## REQUIREMENT
Using the records that follow, reproduce exactly the lines starting at the line containing "Modern Personalized Bold" and ending at the line containing "Cuchillo Bowie de". Include both end lines and no pictures.

[Crawled caption data]
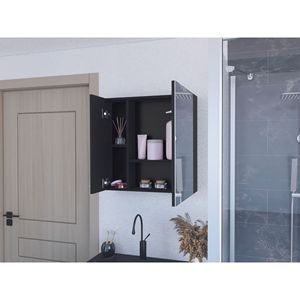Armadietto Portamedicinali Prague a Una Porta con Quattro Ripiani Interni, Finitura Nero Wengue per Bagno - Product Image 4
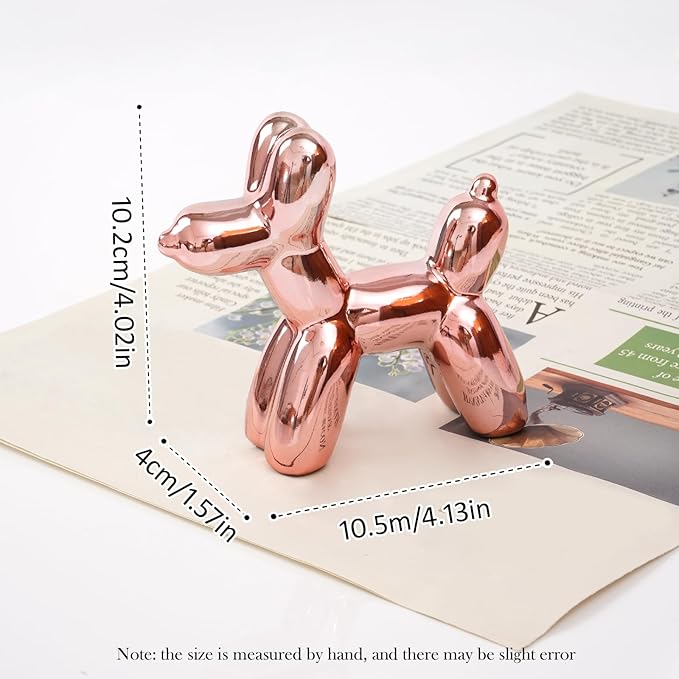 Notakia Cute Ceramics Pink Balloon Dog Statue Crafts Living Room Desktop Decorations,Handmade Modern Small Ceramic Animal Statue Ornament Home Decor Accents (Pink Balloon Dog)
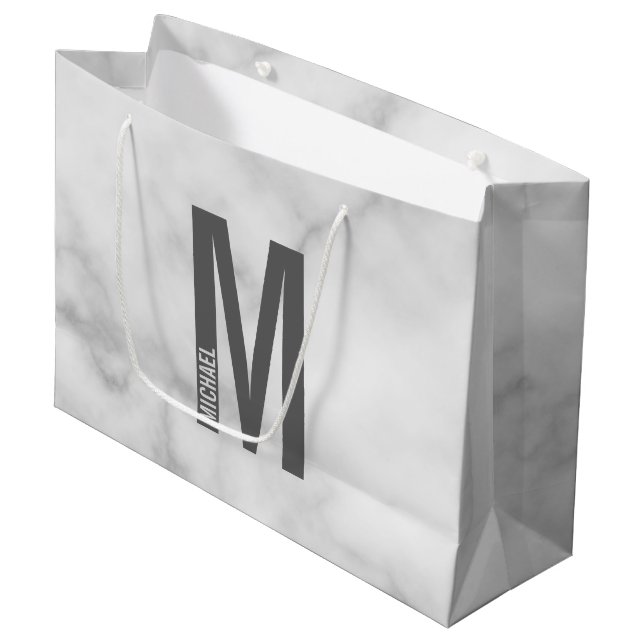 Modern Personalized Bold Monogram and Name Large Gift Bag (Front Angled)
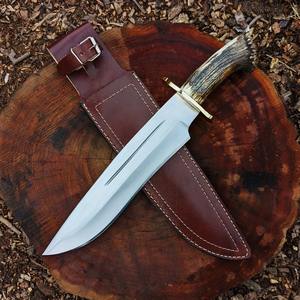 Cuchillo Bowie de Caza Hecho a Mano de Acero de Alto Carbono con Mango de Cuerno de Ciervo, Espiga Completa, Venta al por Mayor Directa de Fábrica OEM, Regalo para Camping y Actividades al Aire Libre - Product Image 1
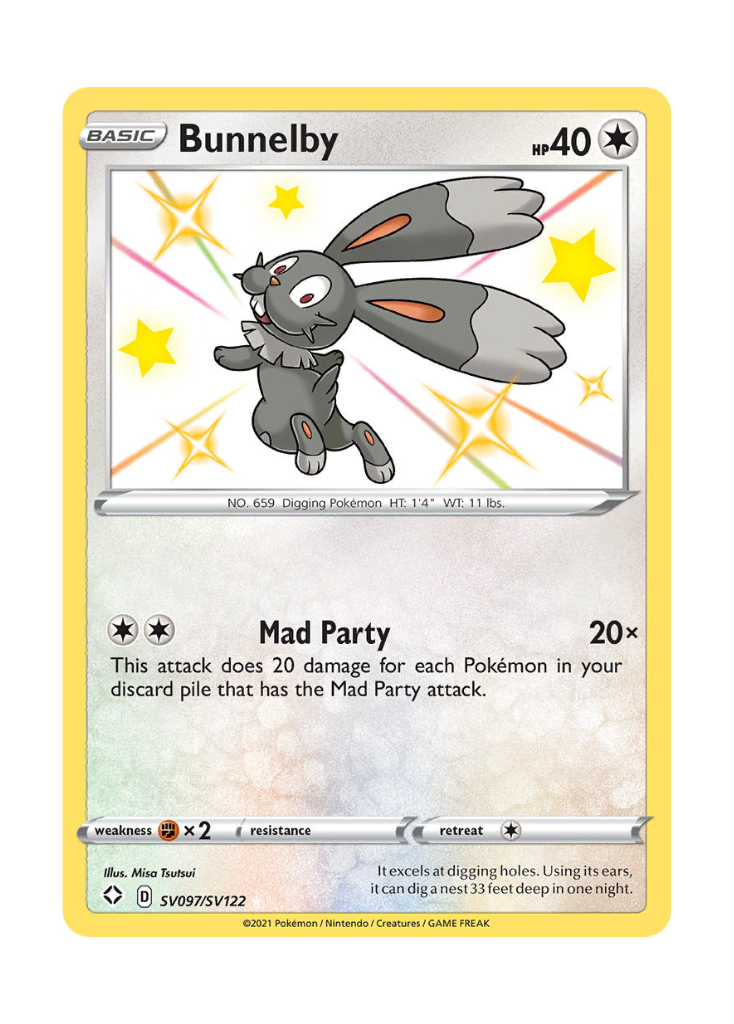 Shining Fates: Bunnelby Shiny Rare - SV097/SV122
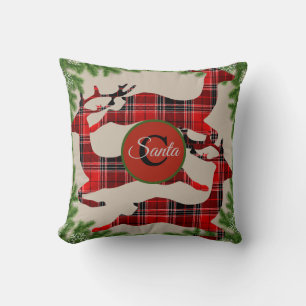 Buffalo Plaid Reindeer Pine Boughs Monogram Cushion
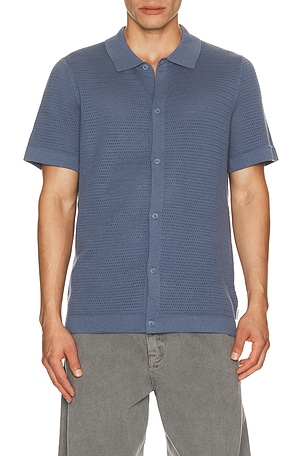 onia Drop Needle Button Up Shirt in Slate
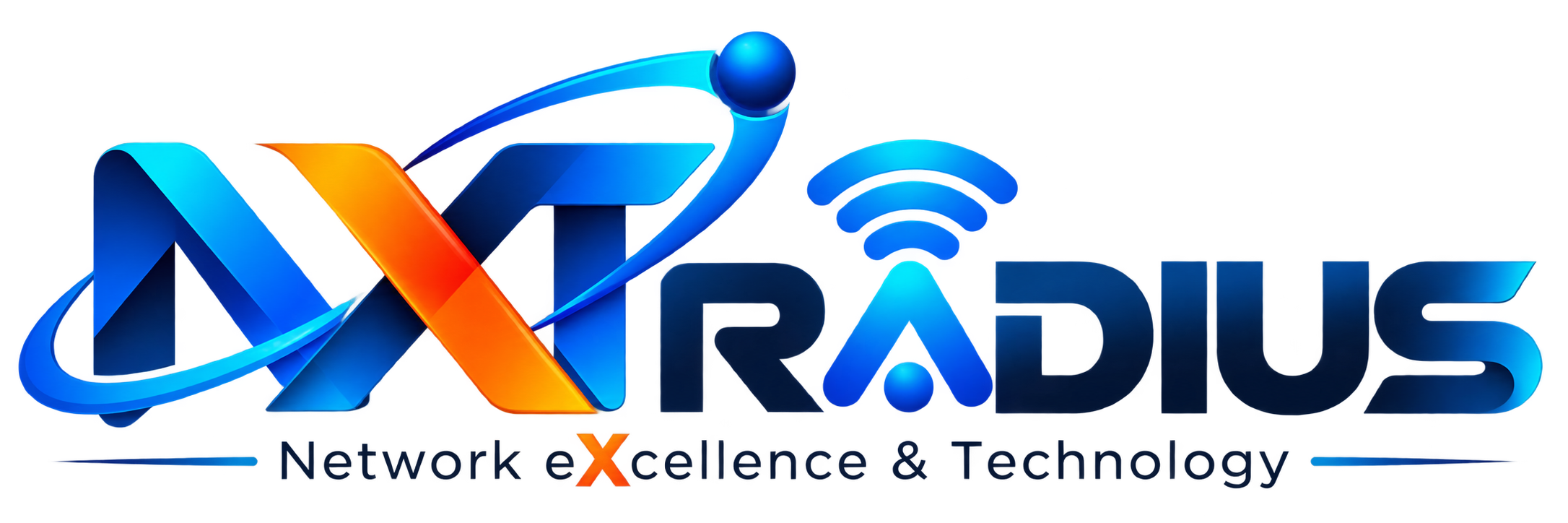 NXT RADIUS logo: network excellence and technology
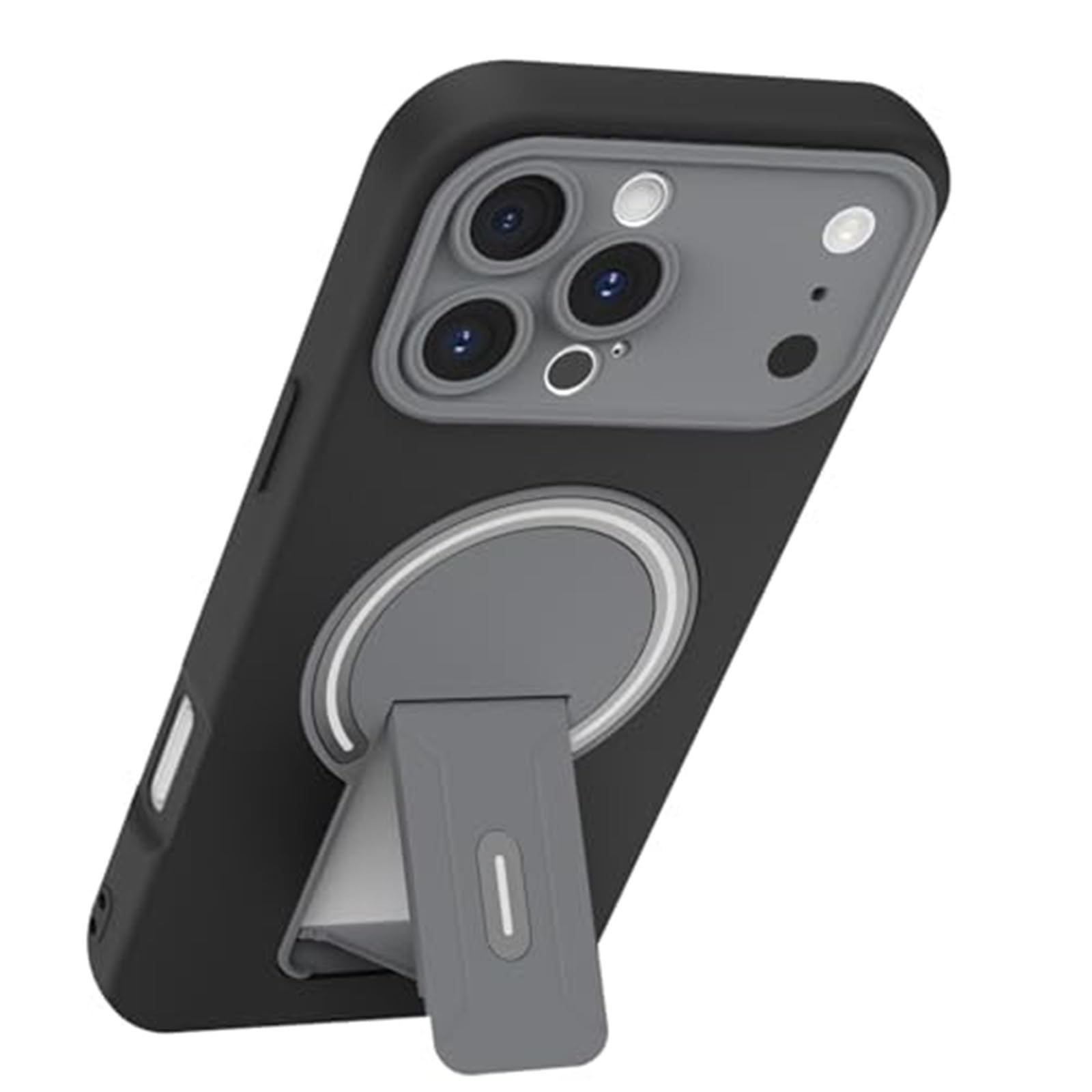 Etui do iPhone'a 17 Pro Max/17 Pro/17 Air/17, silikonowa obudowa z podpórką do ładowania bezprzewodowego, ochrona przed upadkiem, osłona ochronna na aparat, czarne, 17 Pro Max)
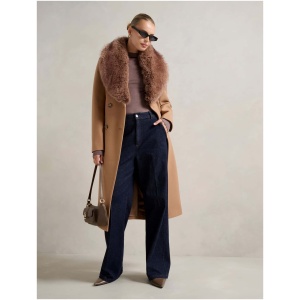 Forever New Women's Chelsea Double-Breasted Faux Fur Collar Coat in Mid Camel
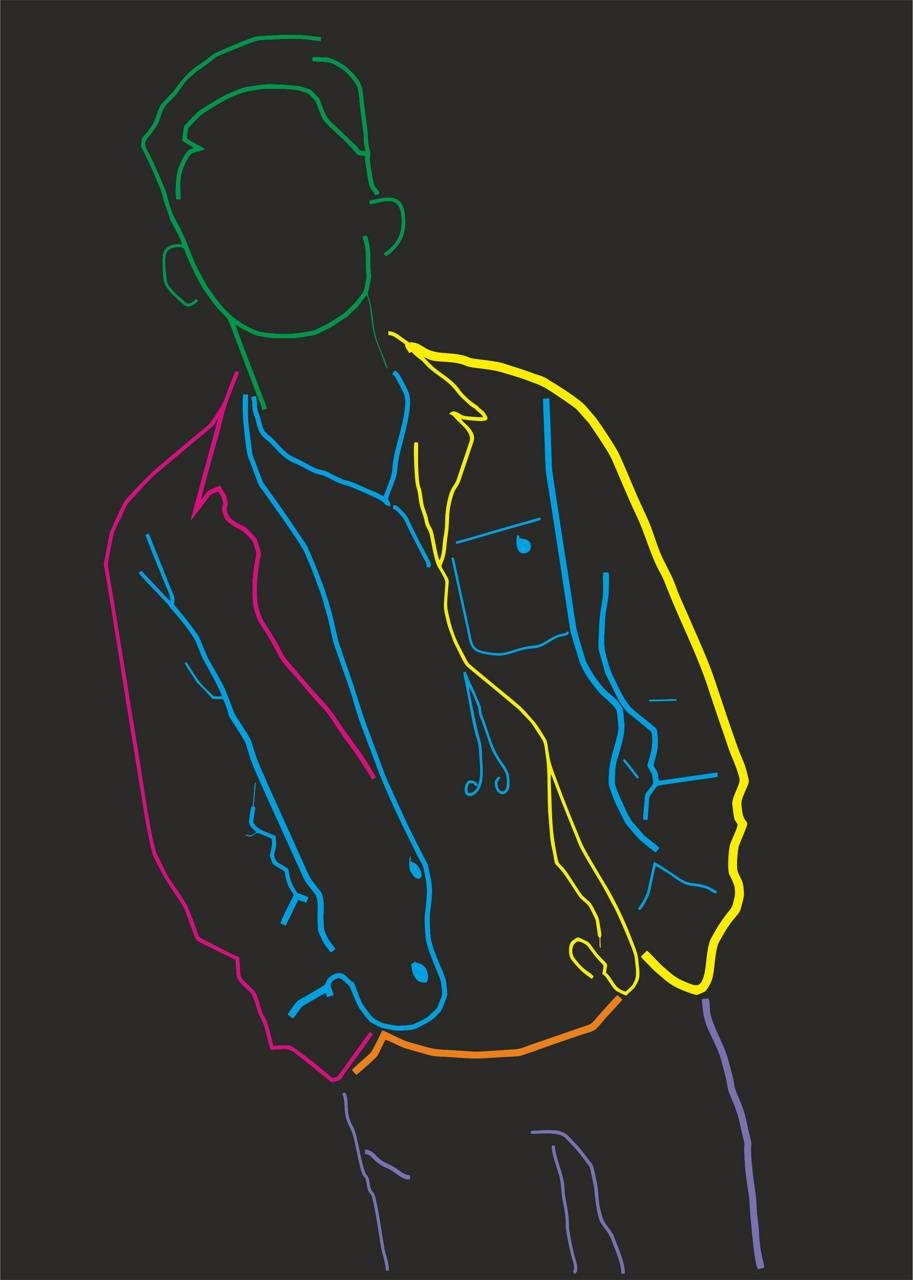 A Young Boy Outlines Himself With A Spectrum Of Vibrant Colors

## YOUR SOLUTION
 Modern Personalized Bold Monogram and Name Large Gift Bag (Front Angled)
 Cuchillo Bowie de Caza Hecho a Mano de Acero de Alto Carbono con Mango de Cuerno de Ciervo, Espiga Completa, Venta al por Mayor Directa de Fábrica OEM, Regalo para Camping y Actividades al Aire Libre - Product Image 1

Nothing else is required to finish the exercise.